Pour apprécier les jardins, nul besoin d’être un érudit, une sensibilité prononcée pour l’esthétique et la poésie sont seuls nécessaires ! Nous accueillons un public varié, bien que davantage à partir de 40 ans, et nous avons une politique incitative pour les enfants grâce à la gratuité jusqu’à 10 ans. Quelques groupes de personnes handicapées viennent nous visiter, et nous sommes heureux de leurs apprendre des éléments pratiques. Mais, nous regrettons de ne pas pouvoir accueillir plus de jeunes publics parce qu’ils seraient très certainement sensibles à cet art si particulier du jardin…. 
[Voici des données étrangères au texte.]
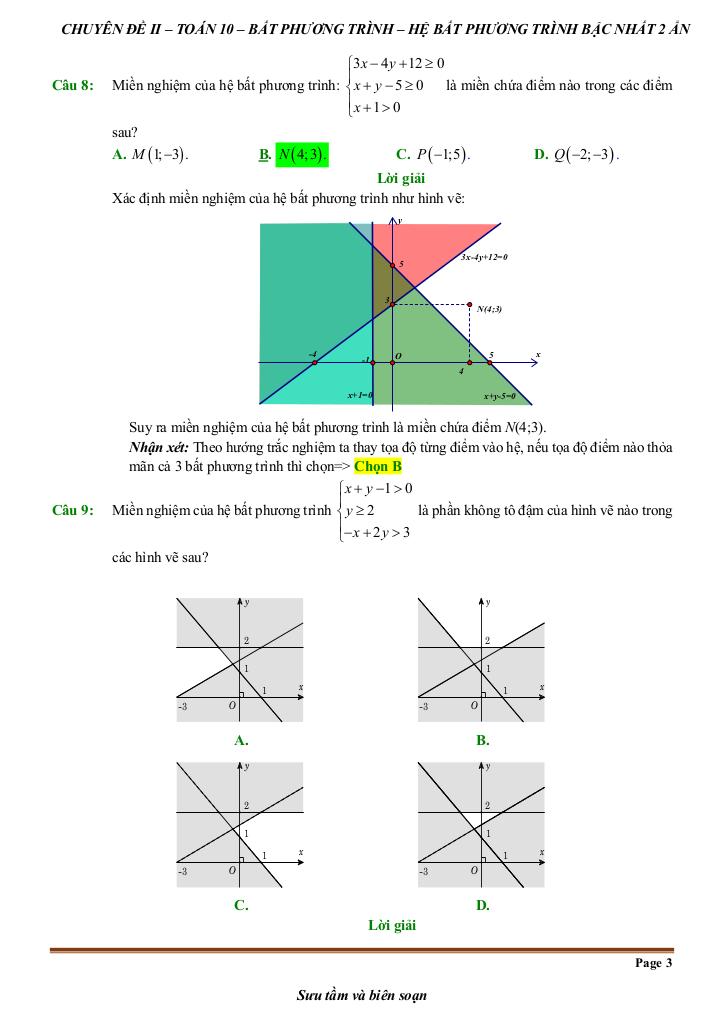 đề kiểm tra theo bài học chủ đề bpt và hệ bpt bậc nhất hai ẩn 7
Nous ne recevons pas beaucoup de jeunes, il s’agit alors d’étudiants en art, jardins, paysages, ou architecture. Il s’agit plutôt d’un public à partir de 35-40 ans, assez cultivés.
Nous sommes ouverts à l’international, avec plus de 50% d’étrangers qui louent des chambres et un tiers qui visitent les jardins.

Nous avons une problématique double : deux sites et deux activités différentes, celle de l’accueil des jardins et celle de l’hébergement. Il faut donc toujours être à la pointe. 

Pensez-vous qu’il s’agisse de l’art topiaire en particulier qui fascine les visiteurs ou bien l’ambiance générale du jardin ?

Les personnes ne connaissent pas forcément l’art topiaire, qui consiste en la taille des végétaux. Je pense donc que c’est plutôt l’ambiance du jardin qui est propice à la réflexion et à la quiétude, et qui attire les visiteurs. 

L’excès de fréquentation fait perdre de la sérénité au lieu. C’est pourquoi, je fais tout pour que les gens s’y sentent bien et comme chez eux. C’est, pour ainsi dire, un jardin de la liberté.

Votre communication

Comment communiquez-vous sur vos jardins ? Plutôt en face à face ou digital ? Comment fait-on connaître un jardin ?

En ce qui concerne le face à face, l’accueil est personnalisé : nous prenons le temps pour leur parler du domaine, leur présenter le jardin, leur remettre le document de visite… Nous sommes présents pour nos visiteurs.

Je suis très active en communication, ayant reçu une formation webmarketing. Mais je me fais quand même aider par une attachée de presse. J’entretiens des relations privilégiées avec la presse (journal Architectural Digest par exemple), la télévision (pour des reportages institutionnels…).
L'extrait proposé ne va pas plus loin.